Picroliv is a purified iridoid glycoside obtained from
the roots of Picrorhiza kurroa is reported to have
hepatoprotective, anti-inflammatory and antioxidant
properties[8-10]. Picrorrhiza is also reported to exhibit
anticancer and antiviral activity[11,12].
Phyllanthus amarus (Euphorbiaceae) is
found in India, mainly in the states of Maharashtra,
Uttar Pradesh, Andhra Pradesh and Madhya Pradesh.
It contains, leucodelphinidin alkaloids, flavonoids
such as quercetin, astralgin, quercitrin, isoquercitin,
rutin, hypophyllanthine, and phyllanthine[13]. This
plant has prominent use in the treatment of viral
hepatitis and other liver disorders. It also used as
diuretic in oedema and externally it is used to relieve
inflammation[14]. It is also used as good appetizer[15].

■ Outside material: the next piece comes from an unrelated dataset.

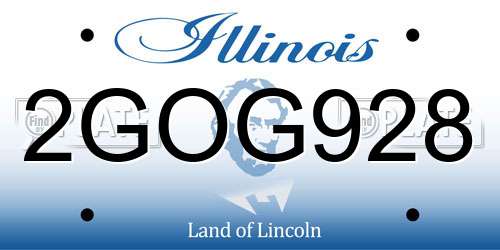 2GOG928 Illinois License Plate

Andrographis paniculata (Acanthaceae) is
native to India and Sri Lanka. It is an annual erect plant
with lanceolate leaves. It grows to a height of 60-
70cm. It is considered as “King of Bitters”. Leaves
and aerial parts of the plant have been used in
treatment of liver disorders in various alternative
systems of medicine[16]. Andrographolide is the main
active principle of the plant. In addition it also
contains 14-deoxy-11,12-didehydroandrographolide
and 14-deoxyandrographolide. Andrographis is
reported to exhibit hepatoprotective, hypotensive,
antiangiogenic and antihyperglycemic activities[17-20].
MATERIALS AND METHODS
PLANT MATERIAL
The Andrographis paniculata, Picrorrhiza
kurroa, Phyllanthus amarus powders were purchased
from the local retailer, Maharshi Ayurveda,
Hanamkonda, Warangal (AP), India.
PREPARATION OF EXTRACTS
The rhizome powder of Picrorrhiza was
serially extracted with methanol and water using a
Soxhlet apparatus in a ratio of 1:6. The extract
obtained was evaporated to dryness and stored in a
vacuum desiccator at room temperature until further
use[21].
A decoction of Phyllanthus amarus was
prepared by boiling in water (1:4, w/v) till the water
level reduced to half. The extract obtained was filtered
through fine muslin cloth. The extract was refrigerated
at 4˚C until use[22].
The coarse powder of Andrographis
paniculata was extracted with ethanol:water (1:1) by
using soxhlet apparatus. The solvent were removed
under reduced pressure to get semisolid mass and the
obtained extract was stored in desiccator until further
use[23].
ANIMAL EXPERIMENTATION
Healthy Albino rats, weighing between 150-
200g of male were used for the study. The rats were
acclimatized to laboratory conditions and fed with
pellet food and given tap water ad libitum. They were
housed in standard metal cages. The study protocol
was approved by Institutional Animal Ethical
Committee of Vaagdevi College of Pharmacy,
Hanamkonda, Warangal (AP), India. Register No.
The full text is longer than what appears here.